_EXTRACTED RECORDS_
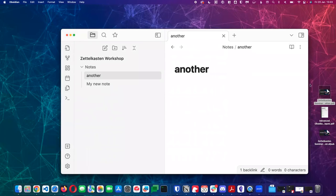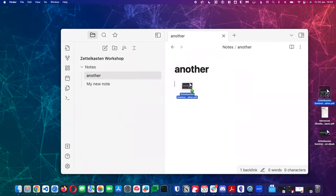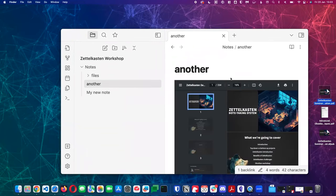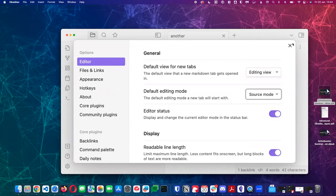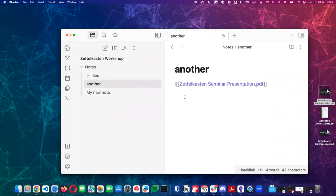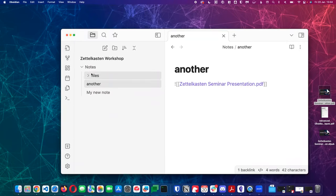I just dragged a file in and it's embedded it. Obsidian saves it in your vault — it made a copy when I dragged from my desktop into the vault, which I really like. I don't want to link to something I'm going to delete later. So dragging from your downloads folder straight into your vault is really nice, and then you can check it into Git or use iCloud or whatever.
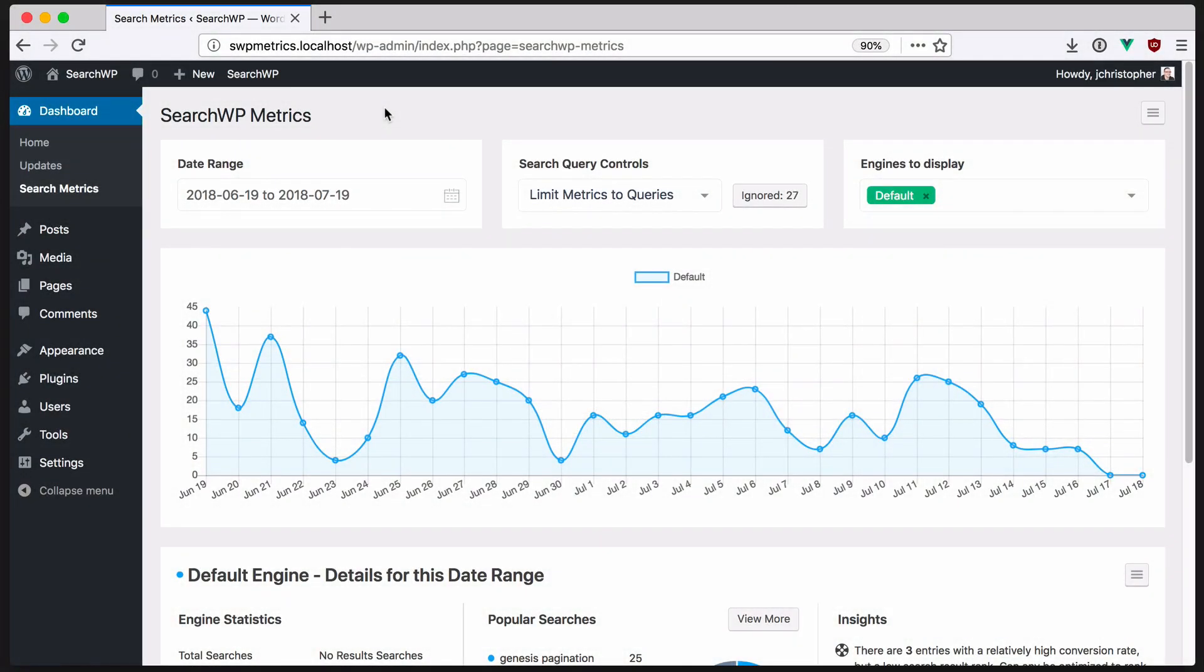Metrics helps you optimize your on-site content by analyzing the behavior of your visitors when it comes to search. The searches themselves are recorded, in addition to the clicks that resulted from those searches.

==

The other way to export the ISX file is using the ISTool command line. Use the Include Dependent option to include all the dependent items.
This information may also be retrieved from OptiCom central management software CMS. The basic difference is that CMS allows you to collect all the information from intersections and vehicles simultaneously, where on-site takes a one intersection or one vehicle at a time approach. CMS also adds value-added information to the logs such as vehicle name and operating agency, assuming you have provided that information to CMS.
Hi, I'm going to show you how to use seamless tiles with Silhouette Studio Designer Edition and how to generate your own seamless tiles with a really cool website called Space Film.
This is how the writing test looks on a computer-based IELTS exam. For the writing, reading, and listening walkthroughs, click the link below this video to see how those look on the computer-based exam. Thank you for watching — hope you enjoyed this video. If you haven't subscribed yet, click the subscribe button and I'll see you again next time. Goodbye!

_ACTION ITEM_
Although the records above contain pictures, the copy should not; retype exactly the lines from the one containing "I just dragged" through the one containing "Metrics helps you".

_ANSWER FOR THIS EXERCISE_
I just dragged a file in and it's embedded it. Obsidian saves it in your vault — it made a copy when I dragged from my desktop into the vault, which I really like. I don't want to link to something I'm going to delete later. So dragging from your downloads folder straight into your vault is really nice, and then you can check it into Git or use iCloud or whatever.
Metrics helps you optimize your on-site content by analyzing the behavior of your visitors when it comes to search. The searches themselves are recorded, in addition to the clicks that resulted from those searches.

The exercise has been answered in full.